A throwaway note on the rhizome of all evil

Premature optimization is no longer the root of all evil – how many programmers dive deep to optimize their programs, much less do it too early instead of when forced to? A far more common sin these days is premature scalability, the building of infrastructure as if hordes of users throwing terabytes of data our way were lurking behind every release. By the time we’re done with the platform, the data gathering, the event processing pipelines, we’re left with little time and fewer resources to tackle whatever problem they were all meant to solve. Powerful pipelines moving data into questionable linear regressions driving secondary product features are endemic.

But the point of a rhizome is that everything’s connected: premature optimization and premature scalability are both aspects of the same fascination. It used to be that computers were culturally defined by a mystique of speed (metaphors with the speed of light, the obsessive counting of MHz). Nowadays it’s a mystique of scale, not even in definite numbers but in that vague nirvana of a “Cloud-scale service.” For programmers (and their managers, and their managers’ investors) being as driven by dreams as any other group of humans, it was natural to fall to the temptation of optimization then, and scalability engineering now, as it feels the natural, “true,” important aspect of computing.

In this spirit of dialectic contradiction, I’d like to offer a mystique of superintelligence, the also false but less widespread idea that the natural, “true,” important aspect of computing is superhuman performance in a task. If you fall for this mystique then you will, prematurely and unnecessarily, focus on making programs that, unable to run on anything more distributed than the cores in your laptop’s CPU and taking an eternity of seconds to respond to any request, solve a task better than a human could.

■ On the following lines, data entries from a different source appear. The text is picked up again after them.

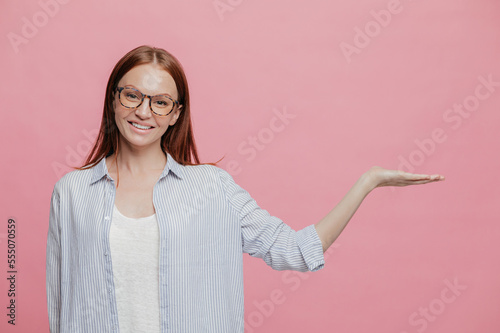 Positive young smiling woman raises hand, pretends holding something, gestures over copy space, dressed in sylish oversized shirt, wears spectacles, isolated over pink studio wall. Advertisement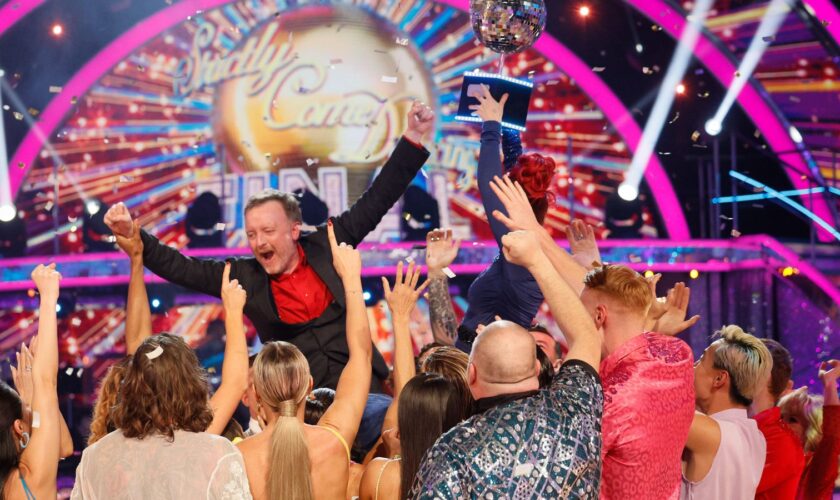 Chris McCausland celebrates his win, as Dianne Buswell holds the glitterball trophy aloft. Pic: PA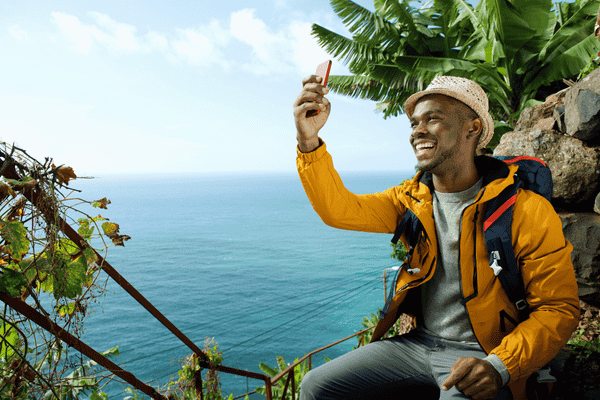 Happy Traveling Man Taking Selfie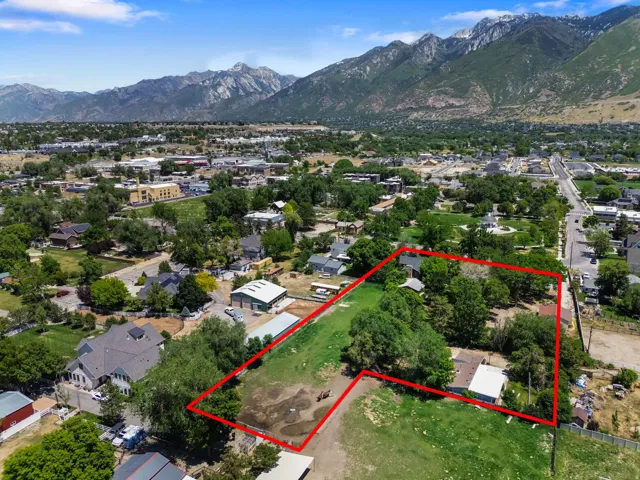 Aerial perspective showcasing a large parcel with mature trees and a residential structure, framed by distant mountains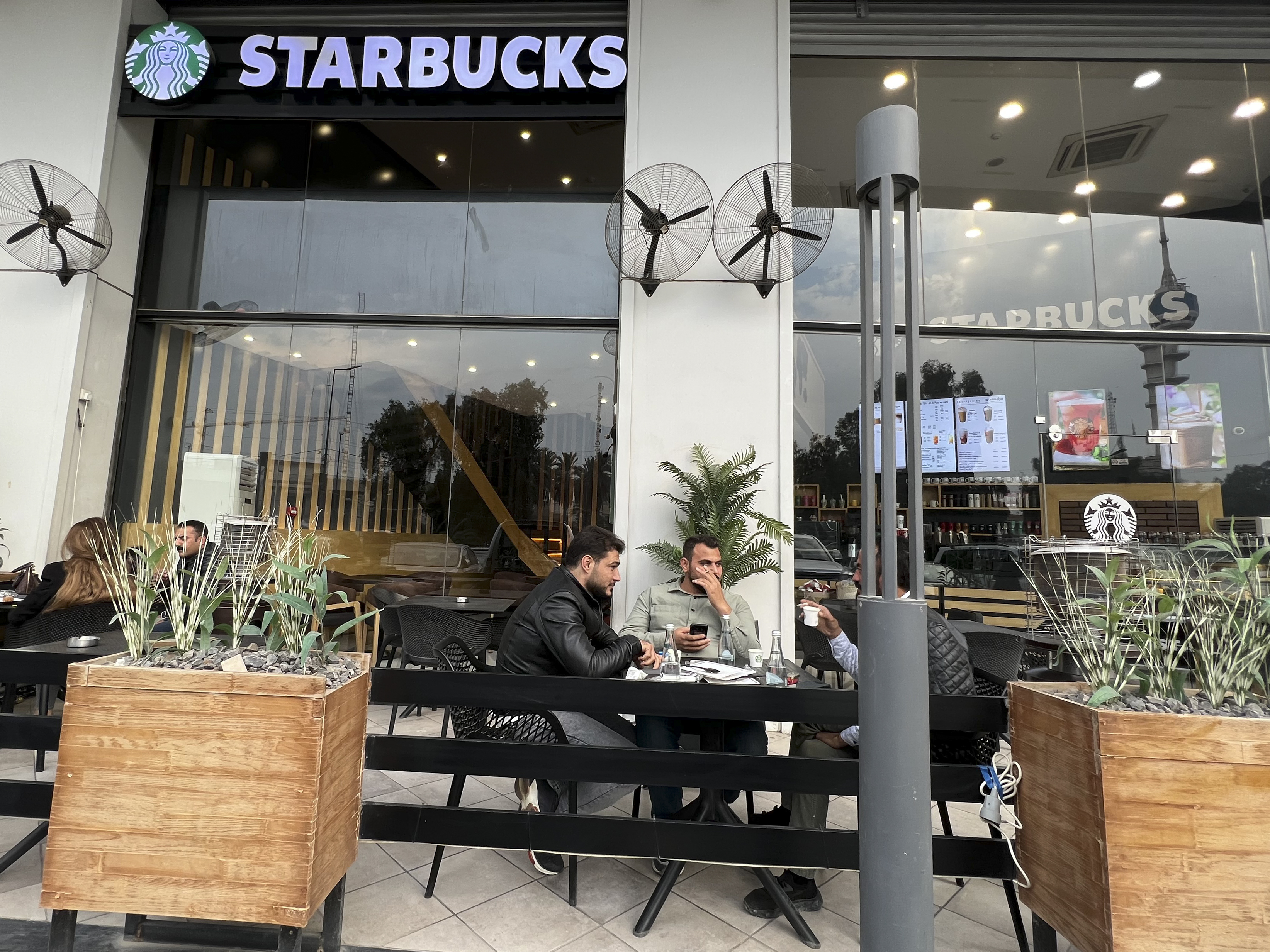 People sit in an unlicensed Starbucks cafe in Baghdad, Iraq, Dec. 21, 2022.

Evil would come from this, too, in the form of software that exceeds requirements in some dimensions while falling short in others, but, being a newer form of error, it would have the advantage of benefiting from the spoils of our previous errors: we have so many tools and experience with speed and scalability that it’s far easier to make a smart program scalable and fast than to make a fast, scalable architecture much smarter than it is.

Speed, scale, or anything else: the oldest and best tradition in computing isn’t any particular dimension of development, but rather the self-indulgent proclivity to do the newer and harder thing first. Today that’s not measured by the volume of data, but by the Elo rating of what you built to play on the board of the world.